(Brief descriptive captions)

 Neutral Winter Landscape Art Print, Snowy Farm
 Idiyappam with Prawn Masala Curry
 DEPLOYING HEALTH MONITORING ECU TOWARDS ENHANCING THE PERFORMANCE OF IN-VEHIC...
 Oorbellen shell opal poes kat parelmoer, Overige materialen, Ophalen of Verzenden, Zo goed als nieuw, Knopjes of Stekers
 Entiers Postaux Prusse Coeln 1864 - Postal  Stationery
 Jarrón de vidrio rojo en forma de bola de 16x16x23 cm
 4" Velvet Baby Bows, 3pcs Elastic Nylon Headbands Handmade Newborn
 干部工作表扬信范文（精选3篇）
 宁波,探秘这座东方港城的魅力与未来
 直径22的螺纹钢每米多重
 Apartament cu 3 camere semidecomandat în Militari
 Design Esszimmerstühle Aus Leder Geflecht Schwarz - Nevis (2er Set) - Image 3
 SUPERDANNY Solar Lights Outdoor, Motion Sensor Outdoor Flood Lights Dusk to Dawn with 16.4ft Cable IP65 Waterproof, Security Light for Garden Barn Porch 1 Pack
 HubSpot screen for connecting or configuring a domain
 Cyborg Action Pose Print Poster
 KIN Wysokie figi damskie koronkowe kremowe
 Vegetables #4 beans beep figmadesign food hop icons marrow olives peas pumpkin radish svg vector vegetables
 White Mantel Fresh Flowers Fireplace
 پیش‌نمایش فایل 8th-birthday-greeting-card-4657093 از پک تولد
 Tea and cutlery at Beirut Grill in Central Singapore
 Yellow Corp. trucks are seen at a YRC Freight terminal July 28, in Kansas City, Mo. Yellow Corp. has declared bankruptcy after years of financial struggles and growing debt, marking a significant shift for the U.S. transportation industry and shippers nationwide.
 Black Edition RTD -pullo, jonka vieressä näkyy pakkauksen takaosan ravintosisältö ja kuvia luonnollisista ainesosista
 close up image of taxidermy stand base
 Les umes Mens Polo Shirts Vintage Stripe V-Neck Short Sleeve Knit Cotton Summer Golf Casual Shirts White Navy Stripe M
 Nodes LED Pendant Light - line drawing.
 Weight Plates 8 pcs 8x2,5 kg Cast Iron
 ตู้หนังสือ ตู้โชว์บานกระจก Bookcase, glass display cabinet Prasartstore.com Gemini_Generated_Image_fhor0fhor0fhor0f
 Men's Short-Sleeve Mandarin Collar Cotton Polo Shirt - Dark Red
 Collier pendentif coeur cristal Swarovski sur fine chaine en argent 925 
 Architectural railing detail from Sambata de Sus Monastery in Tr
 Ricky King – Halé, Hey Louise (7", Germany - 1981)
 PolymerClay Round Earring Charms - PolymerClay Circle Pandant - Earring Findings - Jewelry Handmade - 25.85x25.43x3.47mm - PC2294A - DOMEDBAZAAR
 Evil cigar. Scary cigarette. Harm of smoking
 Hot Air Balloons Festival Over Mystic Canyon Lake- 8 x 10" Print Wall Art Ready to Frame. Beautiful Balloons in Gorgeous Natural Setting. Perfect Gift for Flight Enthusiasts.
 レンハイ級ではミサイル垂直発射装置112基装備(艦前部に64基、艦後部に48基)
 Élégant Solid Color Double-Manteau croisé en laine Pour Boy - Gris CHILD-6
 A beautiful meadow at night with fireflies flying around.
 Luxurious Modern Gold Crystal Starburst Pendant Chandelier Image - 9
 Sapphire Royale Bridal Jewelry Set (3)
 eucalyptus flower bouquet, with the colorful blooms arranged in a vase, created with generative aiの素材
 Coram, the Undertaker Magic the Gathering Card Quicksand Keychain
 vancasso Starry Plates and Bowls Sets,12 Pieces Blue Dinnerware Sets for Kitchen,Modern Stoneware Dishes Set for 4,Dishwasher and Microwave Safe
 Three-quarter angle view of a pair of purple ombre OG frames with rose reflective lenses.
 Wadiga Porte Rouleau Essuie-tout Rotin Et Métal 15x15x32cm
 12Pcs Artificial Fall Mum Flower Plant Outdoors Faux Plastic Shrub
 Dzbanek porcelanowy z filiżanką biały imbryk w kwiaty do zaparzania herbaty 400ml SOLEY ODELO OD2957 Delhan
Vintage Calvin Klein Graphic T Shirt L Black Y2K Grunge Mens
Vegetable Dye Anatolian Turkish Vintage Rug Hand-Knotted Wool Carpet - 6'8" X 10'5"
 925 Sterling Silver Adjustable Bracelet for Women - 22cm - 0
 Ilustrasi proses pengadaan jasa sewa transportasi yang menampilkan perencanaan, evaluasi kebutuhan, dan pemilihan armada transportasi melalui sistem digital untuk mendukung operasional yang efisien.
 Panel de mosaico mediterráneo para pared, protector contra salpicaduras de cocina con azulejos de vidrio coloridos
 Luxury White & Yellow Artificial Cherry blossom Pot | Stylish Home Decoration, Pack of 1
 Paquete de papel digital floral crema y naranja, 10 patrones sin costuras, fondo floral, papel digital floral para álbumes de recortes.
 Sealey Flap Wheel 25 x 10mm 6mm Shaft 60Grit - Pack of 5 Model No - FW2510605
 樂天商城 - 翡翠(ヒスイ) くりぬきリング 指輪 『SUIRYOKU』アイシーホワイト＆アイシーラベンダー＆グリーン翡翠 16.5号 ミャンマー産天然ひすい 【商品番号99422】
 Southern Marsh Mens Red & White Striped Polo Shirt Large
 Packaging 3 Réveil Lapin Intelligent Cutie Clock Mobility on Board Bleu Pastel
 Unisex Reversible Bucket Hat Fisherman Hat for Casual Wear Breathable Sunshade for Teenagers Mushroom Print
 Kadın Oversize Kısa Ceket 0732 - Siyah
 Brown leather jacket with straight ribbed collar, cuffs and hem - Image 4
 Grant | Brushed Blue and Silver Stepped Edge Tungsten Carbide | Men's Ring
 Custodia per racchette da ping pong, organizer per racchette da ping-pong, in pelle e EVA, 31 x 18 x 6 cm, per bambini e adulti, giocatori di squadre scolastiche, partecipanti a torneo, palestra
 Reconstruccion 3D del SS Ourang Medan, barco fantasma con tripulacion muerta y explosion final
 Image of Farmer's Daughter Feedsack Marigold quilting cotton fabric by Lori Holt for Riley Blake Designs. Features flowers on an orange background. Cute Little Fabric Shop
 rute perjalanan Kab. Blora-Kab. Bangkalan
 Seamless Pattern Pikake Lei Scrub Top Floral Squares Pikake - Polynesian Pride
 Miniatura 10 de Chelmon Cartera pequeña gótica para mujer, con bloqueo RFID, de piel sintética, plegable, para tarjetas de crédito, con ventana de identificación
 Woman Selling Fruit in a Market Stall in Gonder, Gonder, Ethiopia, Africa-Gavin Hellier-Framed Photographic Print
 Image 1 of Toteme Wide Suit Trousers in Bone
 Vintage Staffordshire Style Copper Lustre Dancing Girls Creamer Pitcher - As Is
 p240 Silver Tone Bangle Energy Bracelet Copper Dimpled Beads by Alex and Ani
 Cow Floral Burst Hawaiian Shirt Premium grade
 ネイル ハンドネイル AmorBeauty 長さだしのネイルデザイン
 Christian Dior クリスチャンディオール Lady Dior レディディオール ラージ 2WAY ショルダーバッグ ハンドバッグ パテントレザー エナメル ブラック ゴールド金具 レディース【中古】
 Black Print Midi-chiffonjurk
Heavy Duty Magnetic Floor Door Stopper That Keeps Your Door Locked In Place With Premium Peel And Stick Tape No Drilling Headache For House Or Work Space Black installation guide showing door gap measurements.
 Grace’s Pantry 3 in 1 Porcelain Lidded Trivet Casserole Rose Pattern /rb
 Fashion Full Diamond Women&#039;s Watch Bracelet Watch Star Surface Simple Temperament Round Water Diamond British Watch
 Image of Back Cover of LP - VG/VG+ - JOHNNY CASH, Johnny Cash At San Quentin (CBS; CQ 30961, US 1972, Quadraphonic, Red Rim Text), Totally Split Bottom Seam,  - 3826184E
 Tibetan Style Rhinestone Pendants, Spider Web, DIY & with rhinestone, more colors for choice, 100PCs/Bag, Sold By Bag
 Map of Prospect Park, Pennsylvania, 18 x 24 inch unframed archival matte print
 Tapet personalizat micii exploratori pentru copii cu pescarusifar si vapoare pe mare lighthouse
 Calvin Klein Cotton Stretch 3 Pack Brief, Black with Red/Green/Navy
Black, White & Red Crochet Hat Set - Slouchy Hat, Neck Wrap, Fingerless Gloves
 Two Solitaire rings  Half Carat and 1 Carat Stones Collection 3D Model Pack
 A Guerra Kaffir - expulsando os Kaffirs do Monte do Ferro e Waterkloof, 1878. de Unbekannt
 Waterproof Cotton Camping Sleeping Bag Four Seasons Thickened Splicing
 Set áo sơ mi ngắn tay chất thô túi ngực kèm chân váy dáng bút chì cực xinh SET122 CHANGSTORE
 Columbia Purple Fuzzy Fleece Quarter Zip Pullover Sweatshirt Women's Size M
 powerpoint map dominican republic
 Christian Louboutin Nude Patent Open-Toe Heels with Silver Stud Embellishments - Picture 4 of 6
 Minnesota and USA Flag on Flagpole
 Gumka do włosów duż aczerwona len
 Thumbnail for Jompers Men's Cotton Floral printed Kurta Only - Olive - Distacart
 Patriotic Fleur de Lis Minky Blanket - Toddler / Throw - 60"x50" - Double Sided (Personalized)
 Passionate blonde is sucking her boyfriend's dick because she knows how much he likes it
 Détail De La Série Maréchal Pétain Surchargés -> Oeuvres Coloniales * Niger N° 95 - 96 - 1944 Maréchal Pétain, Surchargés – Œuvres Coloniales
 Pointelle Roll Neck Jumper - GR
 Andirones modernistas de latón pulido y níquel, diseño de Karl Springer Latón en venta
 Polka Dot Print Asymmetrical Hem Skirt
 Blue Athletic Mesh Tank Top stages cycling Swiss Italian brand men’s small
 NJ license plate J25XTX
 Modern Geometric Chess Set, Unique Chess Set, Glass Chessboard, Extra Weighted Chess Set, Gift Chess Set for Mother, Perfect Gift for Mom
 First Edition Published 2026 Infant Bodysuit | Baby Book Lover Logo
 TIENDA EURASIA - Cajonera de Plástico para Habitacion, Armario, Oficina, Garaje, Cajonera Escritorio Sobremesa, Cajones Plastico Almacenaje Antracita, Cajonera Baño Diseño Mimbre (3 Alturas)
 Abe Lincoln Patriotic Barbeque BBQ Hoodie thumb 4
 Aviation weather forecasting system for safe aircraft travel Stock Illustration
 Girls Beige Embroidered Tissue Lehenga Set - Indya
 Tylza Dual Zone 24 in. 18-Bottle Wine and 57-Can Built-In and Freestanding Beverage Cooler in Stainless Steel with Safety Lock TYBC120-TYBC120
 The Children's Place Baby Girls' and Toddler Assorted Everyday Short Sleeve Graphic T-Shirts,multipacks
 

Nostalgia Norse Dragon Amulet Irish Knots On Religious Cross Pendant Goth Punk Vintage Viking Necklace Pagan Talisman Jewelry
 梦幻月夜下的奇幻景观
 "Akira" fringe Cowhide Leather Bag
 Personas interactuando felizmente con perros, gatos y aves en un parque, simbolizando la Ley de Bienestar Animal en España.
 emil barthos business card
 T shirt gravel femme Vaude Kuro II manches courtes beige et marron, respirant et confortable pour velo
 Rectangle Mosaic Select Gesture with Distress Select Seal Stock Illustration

§ **What the task asks**:
Take the lines above from the one containing "Polka Dot Print Asymmetrical Hem Skirt" to the one containing "Modern Geometric Chess" and retype them exactly, both ends included, with nothing added.

§ **Solution to this problem**:
 Polka Dot Print Asymmetrical Hem Skirt
 Blue Athletic Mesh Tank Top stages cycling Swiss Italian brand men’s small
 NJ license plate J25XTX
 Modern Geometric Chess Set, Unique Chess Set, Glass Chessboard, Extra Weighted Chess Set, Gift Chess Set for Mother, Perfect Gift for Mom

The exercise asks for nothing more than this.